Sunday, October 6, 2013

Gravity


Gravity relies heavily on CG, green scenes and copious use of NASA space shots. Sandra Bullock, as Dr. Ryan Stone, and George Clooney, as Matt Kowalsky, are encased in their space suits for most of the movie while floating in space. These two super stars have almost no physical contact, which is a unique approach for this movie.

This is a story of survival. The American astronauts are repairing the Hubble Telescope when they are bombarded with space debris from a shattered Russian satellite destroying the space shuttle and hurling them untethered into space. The roles of Clooney and Bullock imply sexism. In the face of catastrophic failure Clooney’s character is calm, soft spoken and knows what every knob and flashing light mean.  Bullock’s Dr. Ryan is panicking and tumbling out of control physically and mentally. I believe our female astronauts have more of the right stuff than Dr. Ryan.

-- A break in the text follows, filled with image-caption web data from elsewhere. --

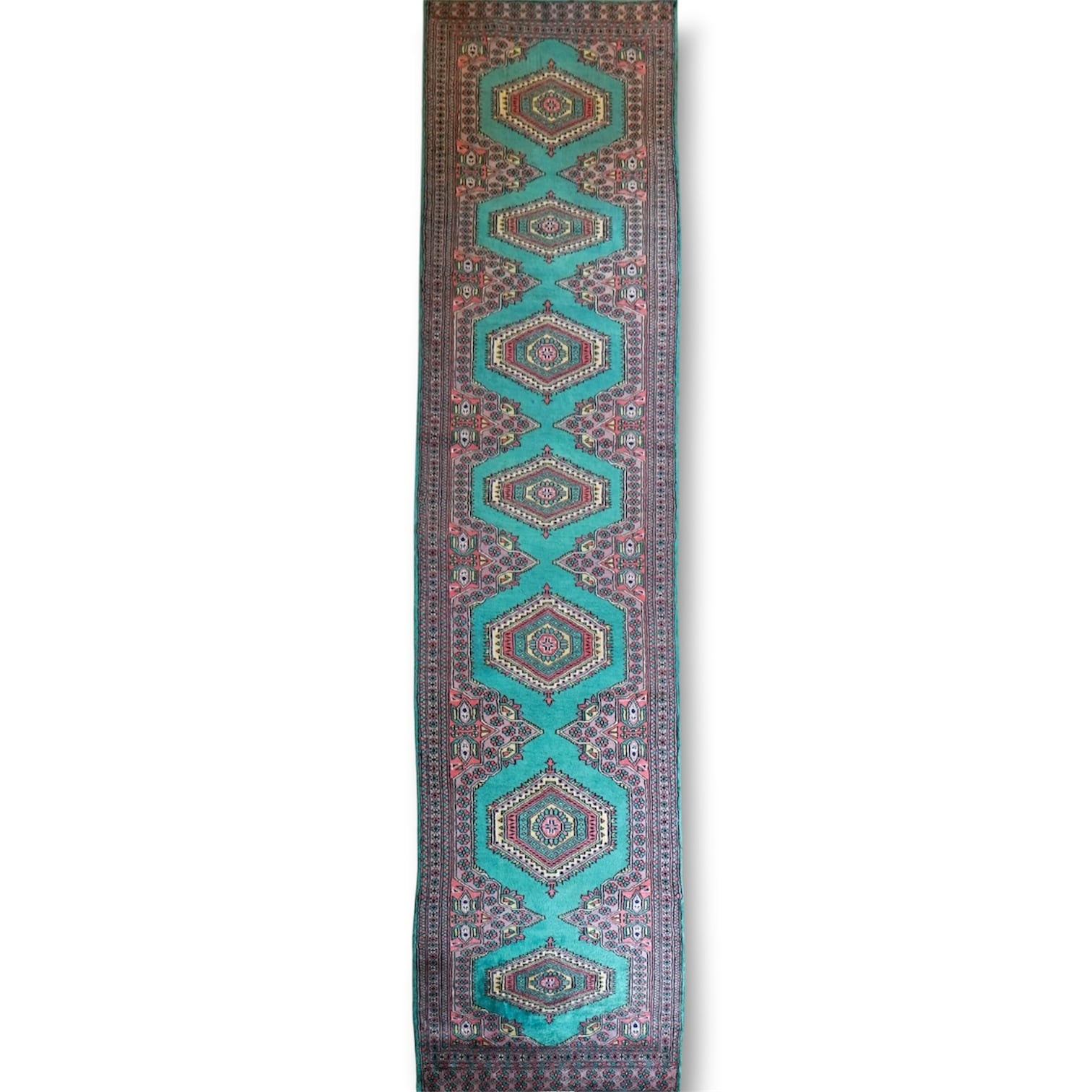 ペルシャ絨毯 カシュクリギャッベ リズバフトギャベ 117×43cm ランナー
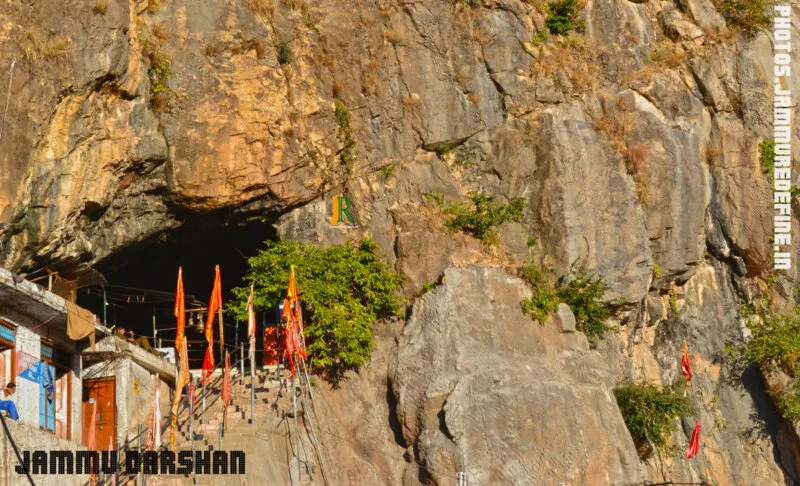 Entrance arch to Shiv Khori cave shrine, Ransoo, Reasi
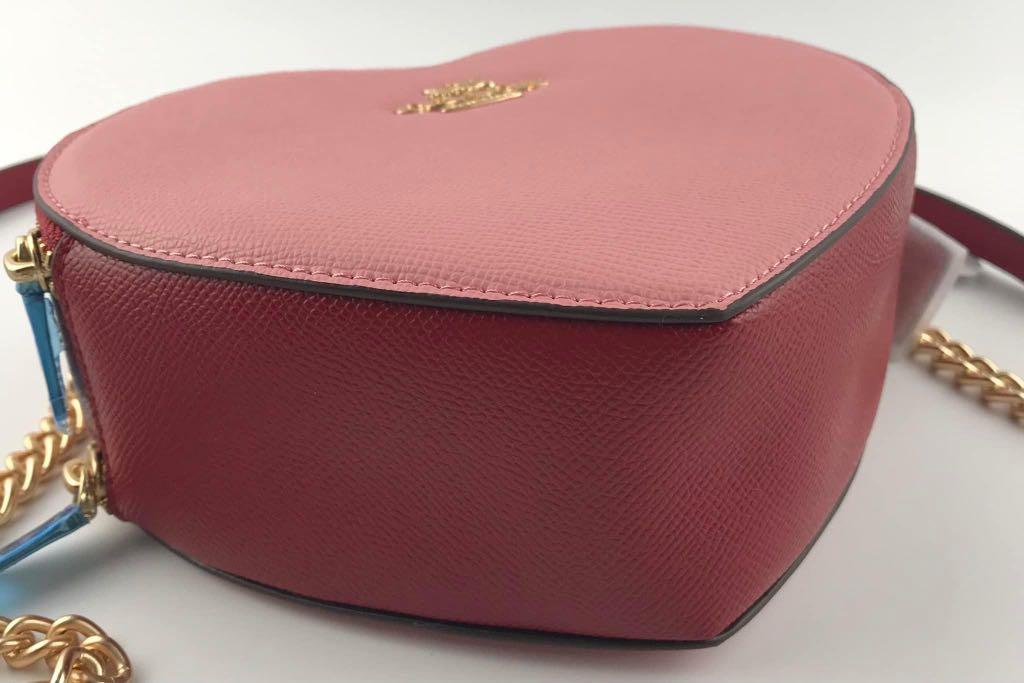 Coach Heart Crossbody, Women's Fashion, Bags & Wallets, Crossbody Bags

 What makes this movie different from other classic space movies such as 2001 Space Odyssey, The Right Stuff and Apollo 13 is the majority of the action occurs outside of the space ship. Bullock and Clooney are literally marooned in space. The shots of Earth are stunning. The movie’s visual impact alone is justification to see it. I begrudgingly admit 3D works here.

Bullock has the main role. This is probably the greatest range of emotion she has displayed in a movie to date. She goes from very scared to being very very really scared. This was a physically challenging role for the actors since for the majority of the movie they were suspended with wires off the ground.
There were two other actors. An Indian astronaut who bought the farm in the very beginning of the film (I saw that coming). Also Ed Harris, who played John Glenn in the Right Stuff, is the voice of Houston Mission Control (he never appears on screen). Ironically a real astronaut is Earth bound.

For the most part the hardware and equipment looked authentic (yeah, like I would know), but there was one totally BS scene that belonged in a Looney Tunes cartoon rather than in this movie. It was a lazy way to solve a problem. Interestingly, the movie ran for only 90 minutes which bucks the new trend of three hour movies. I think there is only so much 3D tumbling an audience can take without getting motion sickness.


The movie is worthwhile seeing, I just do not buy into all the ballyhoo the movie has engendered. In Gravity acting is secondary to the green scene.